Cheaper - I think your missing a lot of the costs associated with an all electric infrastructure. First cost is straight to your electric bill, while the overall cost of the electricity is cheaper for you there is a side-effect to everyone going electric. The electrical plants will be forced to increase their output capacity requiring more elaborate power plants (Nuclear power will likely be necessary in many cases) and that cost of infrastructure increase will be passed onto you. Second is the batteries. The batteries that are used to store the energy also cost a lot to replace $5000 or more in most cases and they will need to be replaced about every 3-5 years. Which in many cases will be more expensive then the car itself. Now it is true that battery prices would go down as supplies increased but for the capacity required for most cars it would not decrease much. The third cost is to our economy. If all cars changed over to electric then there would need to be a drastic infrastructure change. First we would need places that people could go to have their cars charged up again, and since most electric cars only have a range of 150-200 miles then these charging stations would be even more necessary than gas stations where cars are usually capable of 350+ miles on a single tank. Then think about the transport companies. They survive on making deliveries on a timely basis if their trucks/vans/etc are having to stop every 200-300 miles for a 2 hour charge session that is only going to cost them money, which means that more transport would be handled by trains/airplanes/ships which have FAR worse energy costs than transport vehicles.

Safer - Not quite sure where electrical cars come across as being that much safer than hydrogen/gasoline powered vehicles. If you mean its safer for the environment then you need to do a little more research. The power plants put out a lot more pollution than the cars do and you also have to think about the loss of energy during the conversion process from AC to DC which means that most cars are costing 10-20% more energy than is actually being put into the batteries themselves. Not to mention the production facilities of the batteries which have quite a bit of waste.

Supply - well I can't really argue with you a whole lot here but there would still have to be a drastic change to the infrastructure as charging stations would need to be setup in a similar fashion to todays gas stations which means that your cost for changes would be similar to setting up a hydrogen infrastructure.

Efficiency - Here is one place where I'd like to see some stats.
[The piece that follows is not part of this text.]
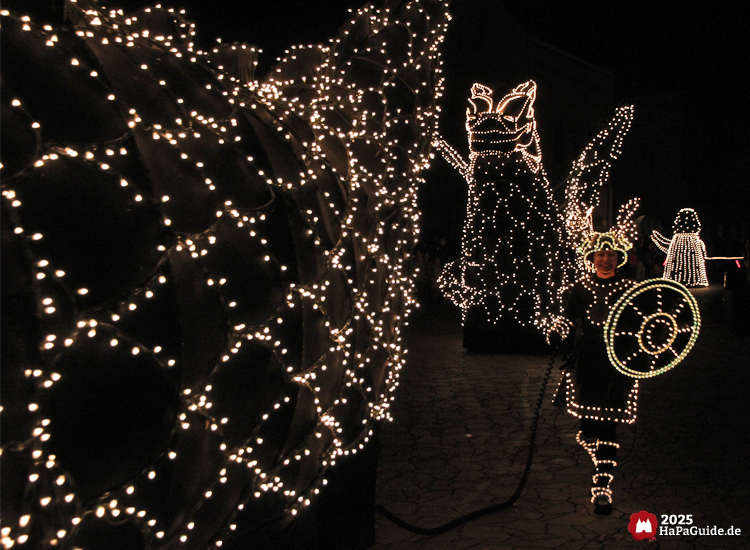 Herbstzauber am Meer - Seeungeheuer und Wikinger leuchten bei der Lichterparade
There is absolutely no way that a electrical car could have comparable power to a hydrogen vehicle. The loses during the conversion processes and so forth would just be too great for it to properly compete with hydrogen. Hydrogen has a far greater energy capacity per volume than batteries could hope to achieve. Not to mention that all the hydrogen car would put out is water as a byproduct.

The biggest problem with electrical cars is their very inconvenient for our economy and society. We live in a world where its necessary for emergency vehicles / transport vehicles / personal vehicles all need the ability to be used on demand. Do you really want the police / ambulance / firetrucks to have to wait for an electrical charge before they can respond to an emergency? Hydrogen cars are the only suitable replacement for today's gasoline powered cars.


By acronos on 4/25/2008 8:38:39 AM , Rating: 2
"I just feel that since electric is an established technology NOW it would make more sense to develop that rather than hydrogen. Electric is cheaper, safer, and in high supply (no need for hydrogen production plants) and with more research can have efficiency comparable to hydrogen. "

NO, hydrogen is electric. Both hydrogen and "batteries" are electric technologies. The distinction is the energy storage technology needed to get power to the electric motors.

Batteries are already more efficient than hydrogen. That is the primary "real" argument of most people who oppose hydrogen. Batteries just do not have enough energy storage capacity to maintain current expectations of how a car should perform.

Fuel Cells currently are able to store far more energy than batteries; therefore they can power bigger cars and go much further.


By acronos on 4/25/2008 9:35:14 AM , Rating: 2
"Electric is cheaper, safer, and in high supply (no need for hydrogen production plants) and with more research can have efficiency comparable to hydrogen. "

Sorry, I didn't read closely enough. I missed your point here. In response to it: massive new production will be required either way. We will have to triple our electric production capacity to replace gasoline. Hydrogen production technologies are pretty mature, and similarly green, as current electricity production. Compare coal power plants with the massive natural gas steam reformation plants used to produce hydrogen in the oil refinery industry. The worse the quality of the oil, the more hydrogen needed to make it useable. We already produce astonishing quantities of hydrogen to compensate for this. Surely you don't think natural gas hydrogen production is worse than coal. BTW, new safer fourth generation designs of nuclear power plants can produce hydrogen at costs significantly below current equivalent gasoline costs - much cheaper than steam reformation of natural gas.


By andrinoaa on 4/24/2008 7:17:24 PM , Rating: 2
When the stage coach last road out of the Ponderosa, I don't remember Hoss having a whinge about losing his job! BIG LOL
As for Hydrogen, it just gives those blood sucking oil people another product to leach on. Hydrogen is good when you have NO ALTERNATIVE. We, my friends are far, far, from it. If you use hydrogen in an ICE engine , the amount required makes electric cars extreemely attractive.
If you convert hydrogen to electricity to run an electric motor, the whole cycle is inefficient and you have an extreemly costly infrustructure to organise.
Just by deduction, electric cars is the sensible way to go.
It does not mean it will be without cost, make no mistake, you have had it easy but the " low hanging fruit" has almost dried up. We are in for interesting times!


By acronos on 4/25/2008 9:20:07 AM , Rating: 2
I keep seeing posts all over the net talking about, "we are going to lose jobs" if such and such happens. This is a tremendous ignorance of economics and history.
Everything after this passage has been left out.